Bozdağ, bir gazetecinin MGK bildirisinde yer alan, "Suriye'nin batısından ülkemize yöneltilen tehditlerin bertaraf edilmesi için gereken adımların derhal ve kararlılıkla atılacağı vurgulanmıştır." şeklindeki ifadeyi hatırlatarak, bu adımların neler olacağına ilişkin sorusu üzerine, şunları kaydetti:

"Türkiye sınır güvenliği bakımından tarihinin en kritik döneminden geçiyor. Çok önemli tehditler ve risklerle karşı karşıya. Suriye'de yaşanan hadiseler, Türkiye'nin toprak bütünlüğü, sınır güvenliği, vatandaşlarımızın ve bölgede yaşayan bütün insanların can ve mal güvenliği bakımından son derece önemli gelişmeler ve burada olup bitenlerin Türkiye'nin sınırlarını tehdit ettiğini hep beraber görüyoruz.

Özellikle son günlerde 'Suriye Sınır Güvenliği Görev Gücü' adı altında terörist bir yapılanmanın daha doğrusu terörist bir ordu oluşturulması çabaları, gayretleri çok net bir şekilde gözüküyor.
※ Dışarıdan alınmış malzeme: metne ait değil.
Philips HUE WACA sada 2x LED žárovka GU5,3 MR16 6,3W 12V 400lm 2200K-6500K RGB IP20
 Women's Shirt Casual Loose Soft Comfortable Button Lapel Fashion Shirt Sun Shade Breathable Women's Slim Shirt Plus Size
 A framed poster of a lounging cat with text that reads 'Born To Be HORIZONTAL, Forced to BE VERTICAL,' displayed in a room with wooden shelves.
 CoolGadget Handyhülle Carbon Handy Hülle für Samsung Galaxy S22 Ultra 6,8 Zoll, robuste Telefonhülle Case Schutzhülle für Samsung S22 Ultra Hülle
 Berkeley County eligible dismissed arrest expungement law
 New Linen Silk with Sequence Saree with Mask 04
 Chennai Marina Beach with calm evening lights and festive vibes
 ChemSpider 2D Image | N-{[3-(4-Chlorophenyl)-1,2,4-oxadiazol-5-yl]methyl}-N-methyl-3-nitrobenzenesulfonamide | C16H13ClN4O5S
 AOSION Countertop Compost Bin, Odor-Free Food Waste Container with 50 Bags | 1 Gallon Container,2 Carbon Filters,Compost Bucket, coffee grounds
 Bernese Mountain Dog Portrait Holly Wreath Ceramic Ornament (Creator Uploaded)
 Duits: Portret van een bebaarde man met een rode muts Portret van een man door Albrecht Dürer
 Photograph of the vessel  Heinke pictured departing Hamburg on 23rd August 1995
Hem bölgede bir terör koridoru oluşturulması hem bu terör koridorunun güvenliği için sınır güvenliği adı altında terörist bir ordunun oluşturulması ve bu oluşumun desteklenmesi Türkiye'nin toprak bütünlüğü, sınır güvenliği, vatandaşlarımızın can ve mal emniyeti ve milli güvenliğimiz bakımından tartışmasız açık bir tehdittir."

Bunu herkesin böyle görmesi gerektiğini bildiren Bozdağ, şöyle devam etti:

"Türkiye, kendi milletinin ve devletinin daha doğru bir ifadeyle Türk milleti ve Türkiye Devleti'nin bekası söz konusu olduğu zaman riskleri ortadan kaldırmak, tehditleri yok etmek gerektiğinde bunları tereddütsüz yapacaktır ve yapıyor da. Ancak bazen riskleri ortadan kaldırmakla netice alınamayabilir, o zaman daha büyük riskleri göze almak gerekebilir. Türkiye, Türk milletinin ve Türkiye Devleti'nin bekası için riskleri ve tehditleri kaldırmanın dışında daha büyük risk gerektiren ve onunla ilgili adım atmayı gerektiren bir husus olduğunda bu adımı atmaktan çekinmeyecektir."

MGK sonrası yapılan açıklamada bu kararlılığın açık bir şekilde vurgulandığını belirten Bozdağ, "Türkiye, bölgesinde, hemen sınırın yanıbaşında bir terör koridorunun oluşturulmasına, bu koridorun güvenliği ve emniyeti için terörist bir ordu kurulmasına, kurdurulmasına ve buna destek verilmesine ve her türlü tahkimatın bu anlamda yapılmasına bugüne kadar defalarca karşı olduğunu söyledi." dedi.

Türkiye'nin bunu aleni bir şekilde söylediğini, en üst düzeyde ifade ederek, yapılan yanlışların vurgulandığını aktaran Bozdağ, sözlerini şöyle sürdürdü:

"DEAŞ terör örgütüyle mücadele bahanesiyle PKK'nın Suriye'deki uzantısı PYD/YPG ile iş birliği yapılmasının yanlışlığını da vurguladı. Stratejik de olsa, konjonktürel de olsa, dönemsel de olsa böyle bir adımın çok büyük bir yanlış olduğunu vurguladı, bunlara silah yardımı yapılmaması gerektiğini defalarca altını çizdi. Bize hep söyledikleri ayrı oldu ama ortaya çıkan sonuçlar tamamen söylediklerini yalanlayan sonuçlar oldu. Türkiye bu noktada artık sabrının son noktasına gelmiştir. Türkiye'nin bundan sonraki gelişmelere kimse daha fazla sabır göstermesini beklememelidir. Bu konuda atılması gereken adımlar neyse, Türkiye bu adımları atmakta kararlıdır."